### Exercise directions
Return exactly the lines from the one containing "Light Grey Ready" through the last line of the records below, both included, and leave out any pictures.

(Dataset records)
- Opening Delimiter -
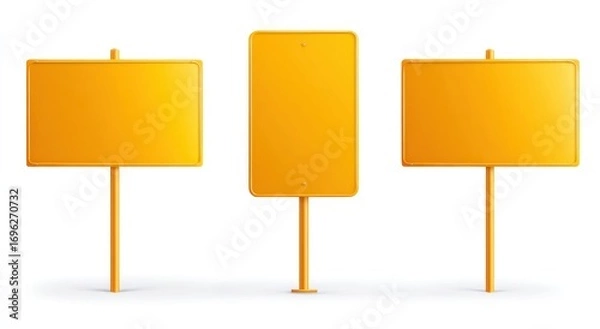 Obraz Three orange blank signs, two horizontal and one vertical, stand on a white surface, casting subtle shadows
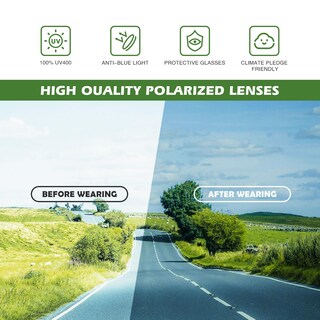 Foto 6 | Foto 6 | Gafas De Sol Polarizadas Fanshen Envolventes Uv400 Negro Mate - Venta Internacional.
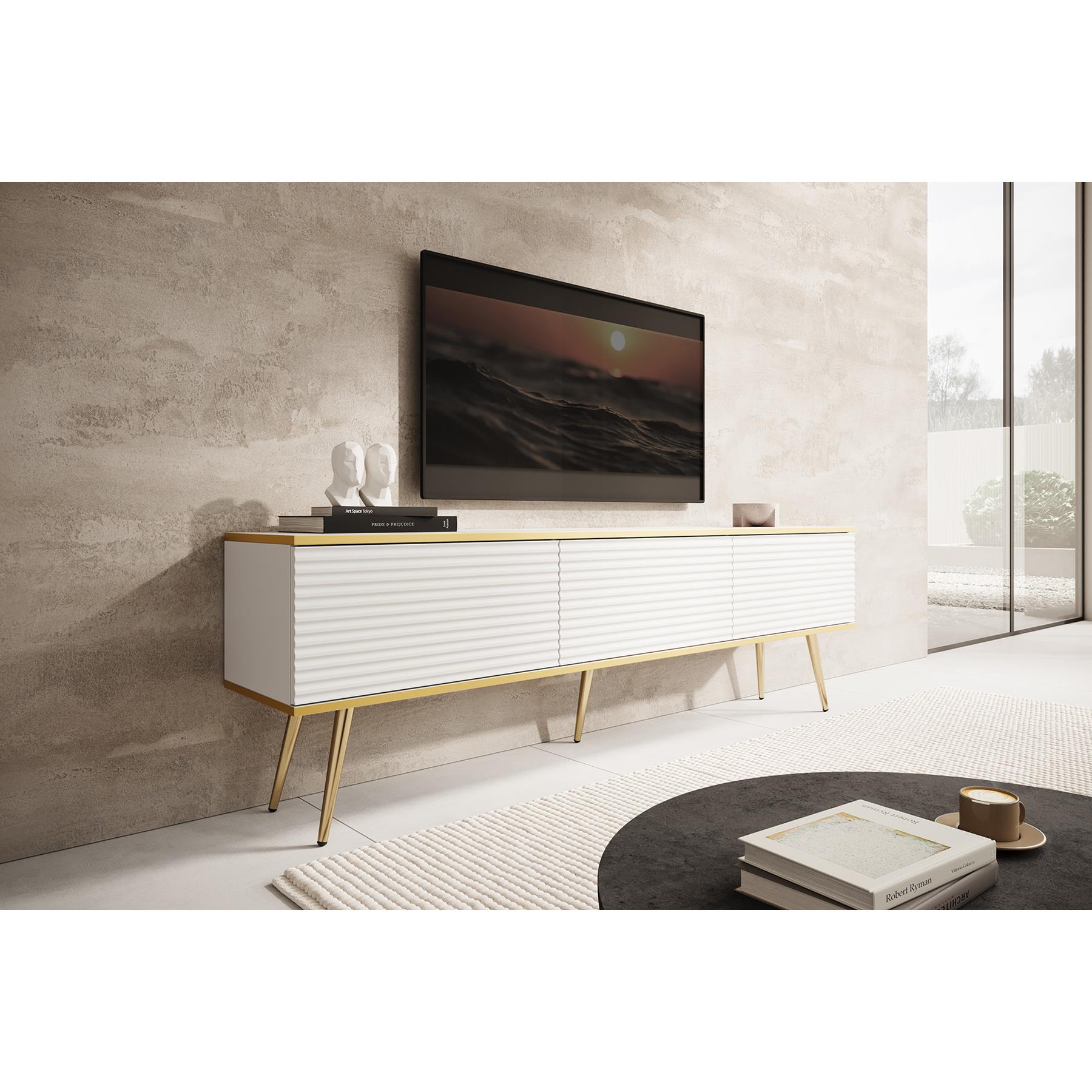 Meubella TV-Meubel Orleans 2 - Wit - 175 cm - Staand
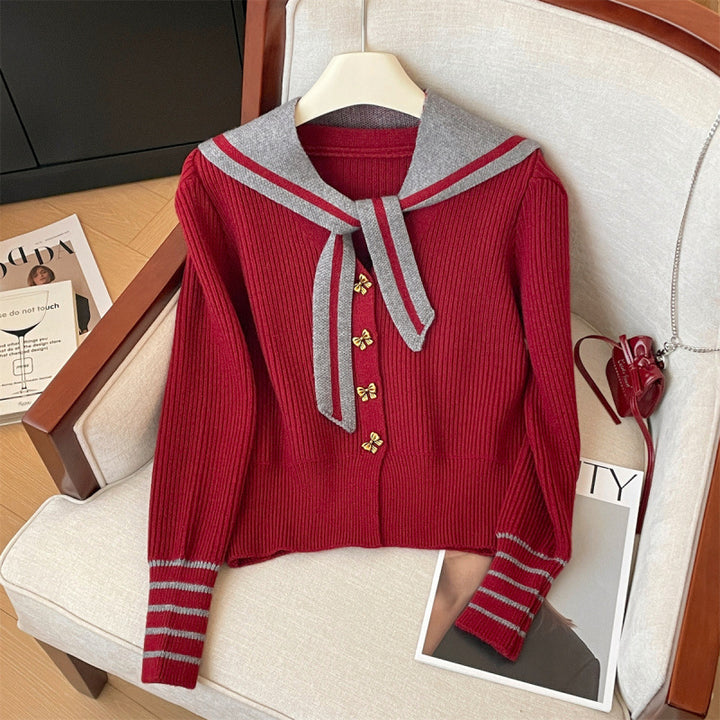 Damen Strickjacke mit nautischem Kragen und dekorativen Knöpfen Drune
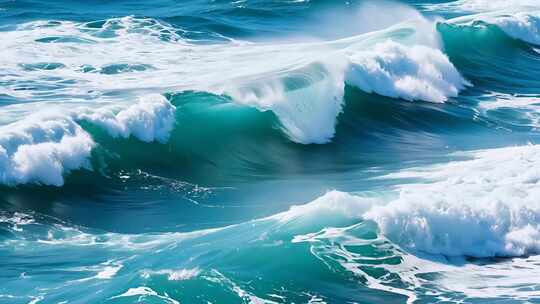 大海海浪翻滚景象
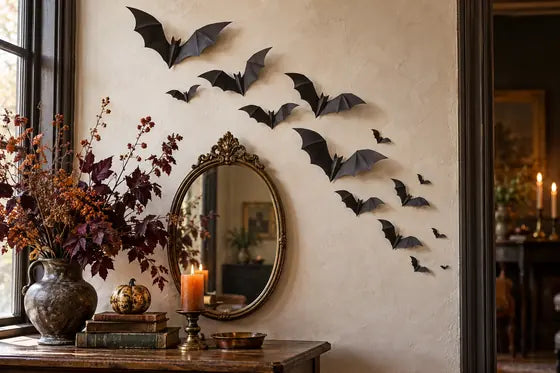 Paper bat wall swarm, AI styling mockup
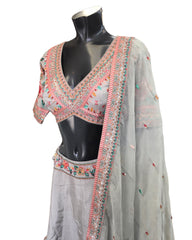 Light Grey Ready Made Lehenga Set - UK Stock - 24h Dispatch - ZC114  KYP 0324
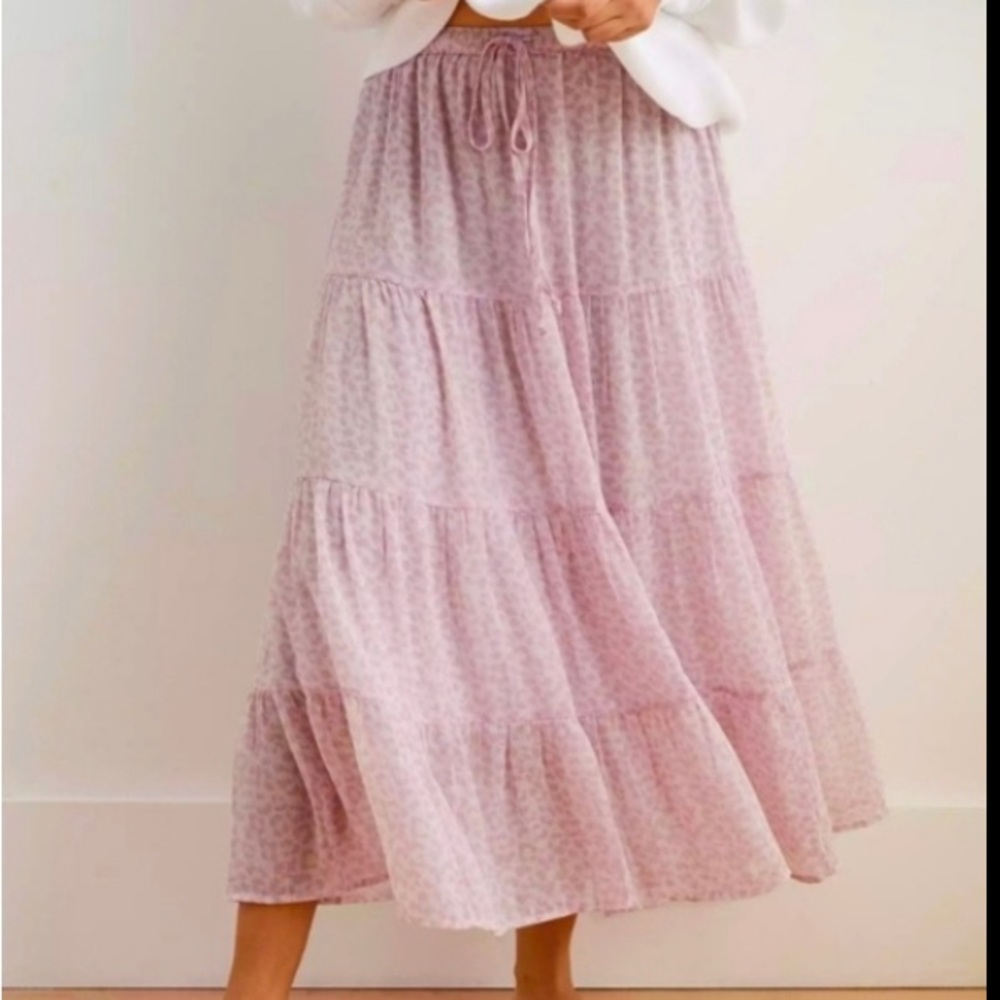 Purple/lilac Aerie chiffon cheetah print tiered midi skirt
- Closing Delimiter -
### Response to the task
 Light Grey Ready Made Lehenga Set - UK Stock - 24h Dispatch - ZC114  KYP 0324
 Purple/lilac Aerie chiffon cheetah print tiered midi skirt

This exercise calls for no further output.